Records drawn from a dataset

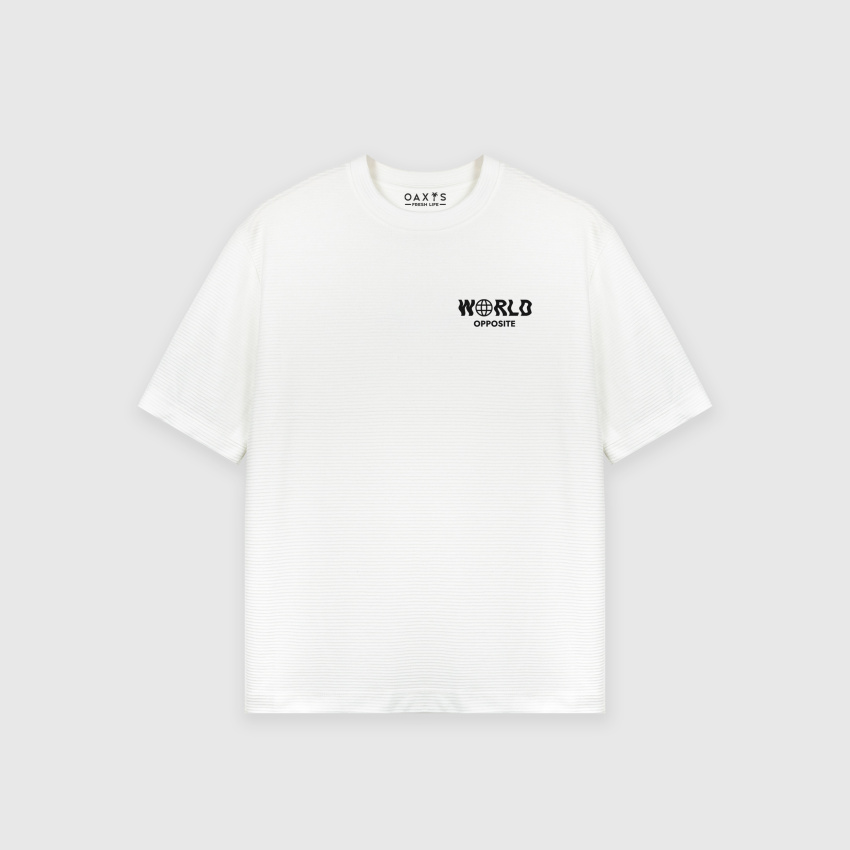 Camiseta fit texturizada  WORLD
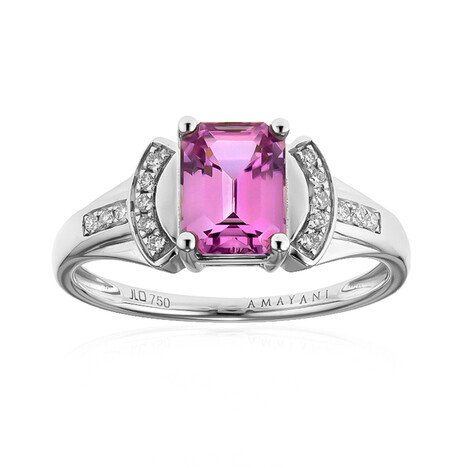 Pinkfarbener Diaspor-Goldring (AMAYANI)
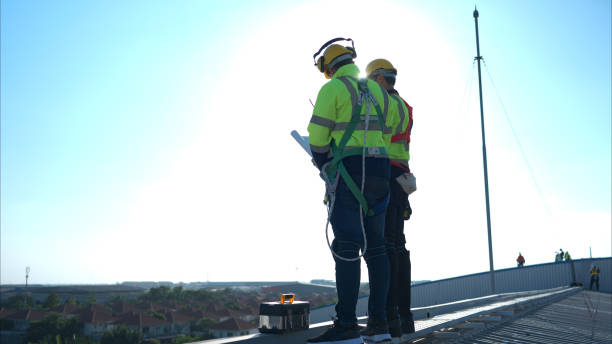 istock Both of technician working on a photovoltaic solar panels 1904731307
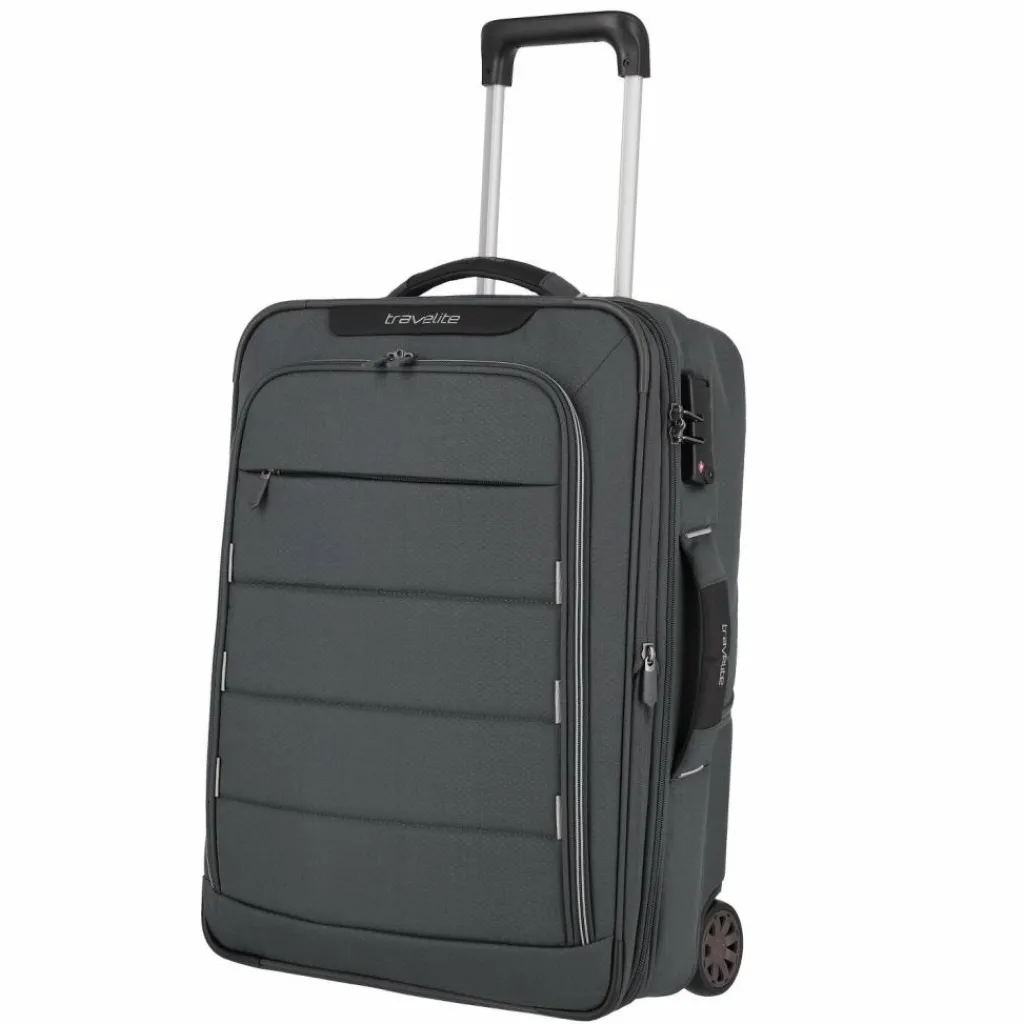 Travelite Weichgepäck Kabinengepäck|2-Rollen Kabinentrolleys<Skaii 2-Rollen Kabinentrolley 55 cm gipfelgrau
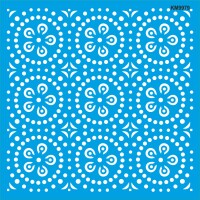 Geometrik Deseni - Stencil Boyama Şablonu - StencilSepeti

* TASK DESCRIPTION:
The expected output is the lines above from the one containing "Pinkfarbener Diaspor-Goldring (AMAYANI)" to the one containing "Travelite Weichgepäck Kabinengepäck|2-Rollen", both ends included, reproduced exactly with every picture left out.

* RESULT:
 Pinkfarbener Diaspor-Goldring (AMAYANI)
 istock Both of technician working on a photovoltaic solar panels 1904731307
 Travelite Weichgepäck Kabinengepäck|2-Rollen Kabinentrolleys<Skaii 2-Rollen Kabinentrolley 55 cm gipfelgrau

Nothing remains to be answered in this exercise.